The education outcomes are constructed from the IPUMS variable higraded. I first calculate completed years of schooling for each individual using higraded and then use years of schooling to compute cohort averages. Labor market outcomes are constructed from the variables empstat, wkswork2, and incwage. Employment is defined as empstat equal to 1. The variable wkswork2 is intervalled, so I use the midpoint of each interval to calculate a continuous measure of weeks worked. The weeks worked measure is constructed conditional on empstat equal to 1. The weekly wage rate is calculated by dividing incwage by the constructed weeks worked variable, conditional on at least 40 weeks worked. Finally, age at first marriage is calculated from agemarr, conditional on marst indicating a woman was married, and the number of children ever born is calculated using chborn.

APPENDIX TABLE 1 DATE RANGES USED TO CONSTRUCT MOBILIZATION EXPOSURE VARIABLE

The measure of exposure to mobilization is calculated from the total number of registrants, monthly induction counts, and periodic enlistment data, and then by state tabulated in the Quotas, Calls, and Inductions volumes of the Selective Service monographs. All data are tabulated in Volume II of Quotas, Calls, and Inductions. The number of registrants is from the first, second, third, fifth, and sixth registrations, which included all registrants below the age of 45 through December 31, 1945 (p. 1). Inductions are the number of inductions in each month between November 1940 and December 1945 (pp. 43–63). Enlistment data are the number of enlistments as of December 1941 until September 1945 (pp. 126–34).
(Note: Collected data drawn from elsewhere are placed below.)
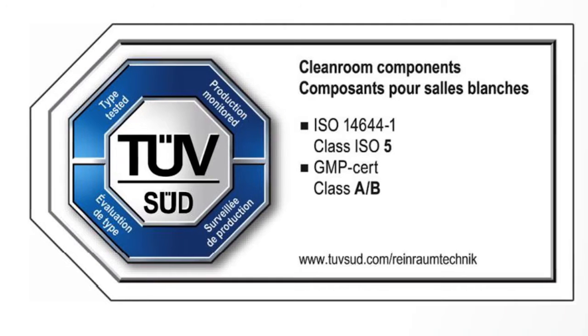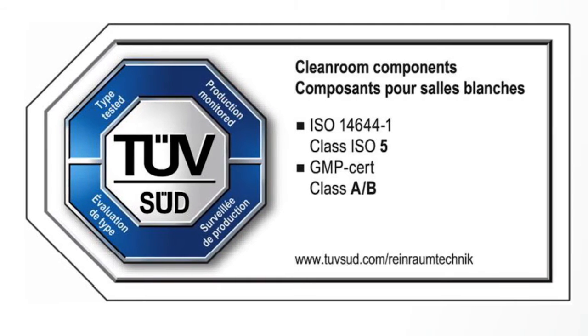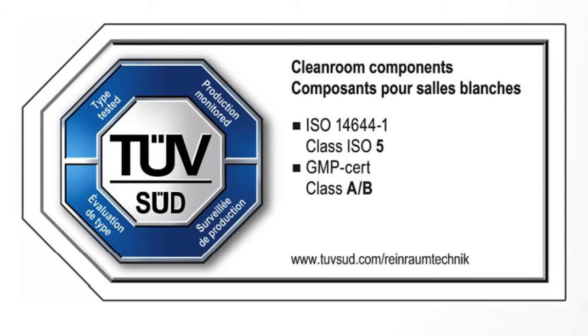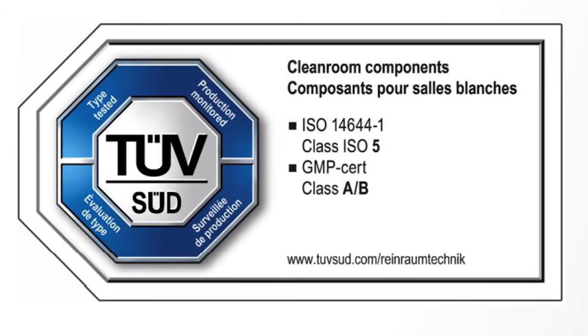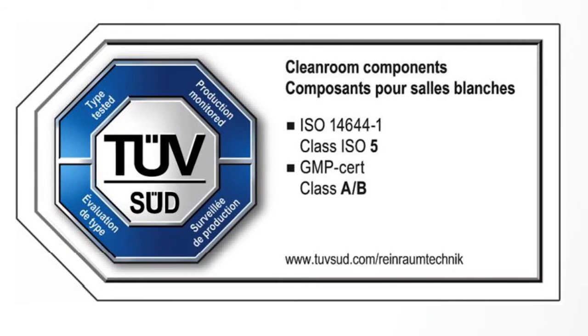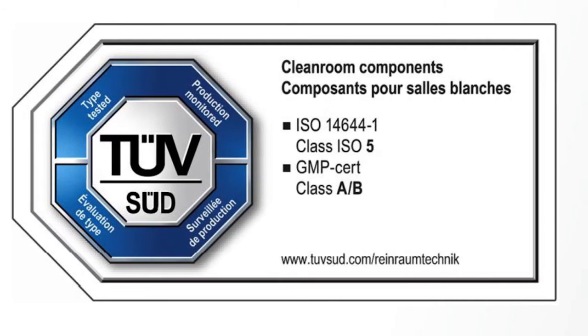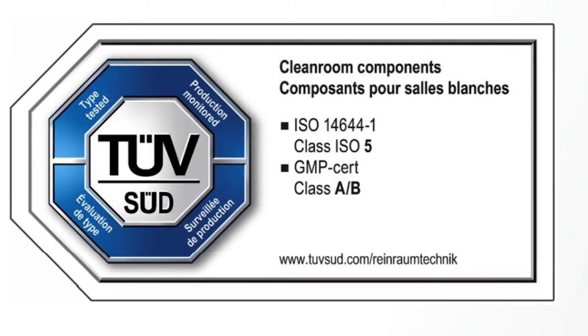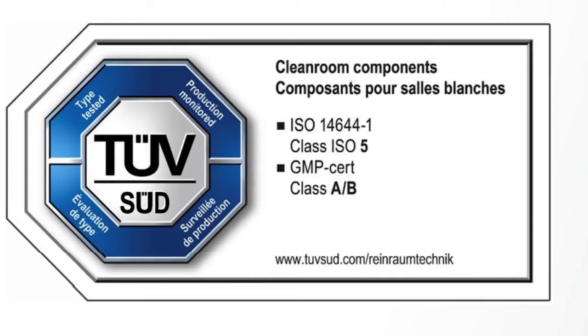So we've partnered with our third party, TÜV SÜD, to validate independently that this product can be used in both an ISO class 5 and a GMP grade A and B setting.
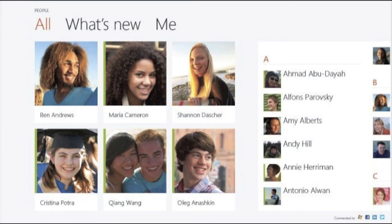With the all-new People app, you can stay connected with all of your friends, family, and coworkers. You won't need to invite them twice, because wherever you originally added them — like Hotmail, Messenger, Facebook, Twitter, Gmail, or some other service — if you choose to connect with them, that contact is available in your apps as soon as you sign into your Microsoft account.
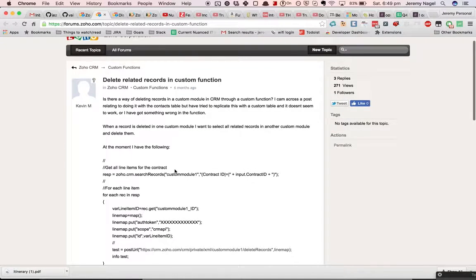Jeremy Nagel here from Nuanced IT, answering a question from Kevin in the Zoho forums. Kevin wants to know if it's possible to delete multiple records in Zoho CRM.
For each year the Selective Service was in place, I sum the number of inductions and enlistments in that year. Appendix Table 1 shows the date ranges for inductions and enlistments used to calculate the mobilization exposure variable in each year. Two features of Appendix Table 1 are noteworthy. First, inductions in November and December of 1940 are included in the exposure variable for 1941. Monthly induction data were only available starting in July 1941. Before July, inductions were tabulated as the sum between November 1940 and June 1941. Second, exposure in 1943 and 1944 is not based on the calendar year because enlistment data were only available as of September 1, 1943, whereas in the other years enlistment data was available as of December 1. This measurement issue is not problematic since inductions accounted for the vast majority of new additions to the military after 1942 (U.S. Selective Service System 1948, pp. 32–33).

Footnotes

I thank Price Fishback for his guidance, as well as the editor, Paul Rhode, and four anonymous referees for comments that improved the article. In addition, Martha Bailey, Briggs Depew, Dan Fetter, Claudia Goldin, Theresa Gutberlet, Carl Kitchens, Lila Jaworski, Penka Kovacheva, Tim Leunig, Chris Minns, Ron Oaxaca, Todd Sorensen, Ronald Warren, and participants at the 2011 All-UC Economic History Conference and 2012 NBER/DAE workshop provided valuable feedback. I also thank Bill Collins and Claudia Goldin for making the Palmer Survey data available and Todd Sorensen for access to his server. I gratefully acknowledge financial support from the Institute for Humane Studies and the John E. Rovensky Fellowship. All remaining errors are my own.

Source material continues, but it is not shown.